Problems (Review all worksheets with problems done in the class) 10. An object that is $8.5 \mathrm{~cm}$ high is placed $28.0 \mathrm{~cm}$ in front of a converging lens that has a focal length of $12 \mathrm{~cm}$. a) Calculate the image distance (di). Show your work. [Ans: $d i=21 \mathrm{~cm}$ ] b) Calculate the image height (hi). Show your work. $[\mathrm{Ans}: \mathrm{hi}=-6.4 \mathrm{~cm}]$ c) Calculate the image magnification (M). Show your work. d) Is the image a real or virtual image? Explain. e) Is the image an upright or inverted image?

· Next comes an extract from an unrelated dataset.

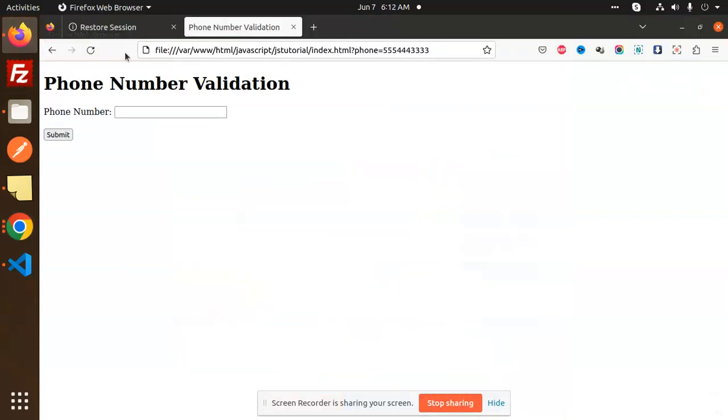Hello friends, welcome back to a new JavaScript tutorial. Today we are going to learn about phone number validation. Phone number validation requires that the phone number should be a 10-digit number and should not contain alphanumeric characters.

Explain.

Step 1 ：\( \frac{1}{f} = \frac{1}{d_o} + \frac{1}{d_i} \)

Step 2 ：\( \frac{1}{12} = \frac{1}{28} + \frac{1}{d_i} \)

Step 3 ：\( \frac{1}{d_i} = \frac{1}{12} - \frac{1}{28} \)

Step 4 ：\( d_i = \frac{1}{\frac{1}{12} - \frac{1}{28}} \)

Step 5 ：\( d_i = \boxed{21} \mathrm{cm} \)

Step 6 ：\( M = \frac{h_i}{h_o} = \frac{d_i}{d_o} \)

Step 7 ：\( h_i = M \cdot h_o \)

Step 8 ：\( h_i = \frac{21}{28} \cdot 8.5 \)

Step 9 ：\( h_i = \boxed{-6.4} \mathrm{cm} \)

Step 10 ：\( M = \frac{-6.4}{8.5} \)

Step 11 ：\( M = \boxed{-0.75} \)

Step 12 ：The image is real because the image distance is positive.

Step 13 ：The image is inverted because the image height is negative.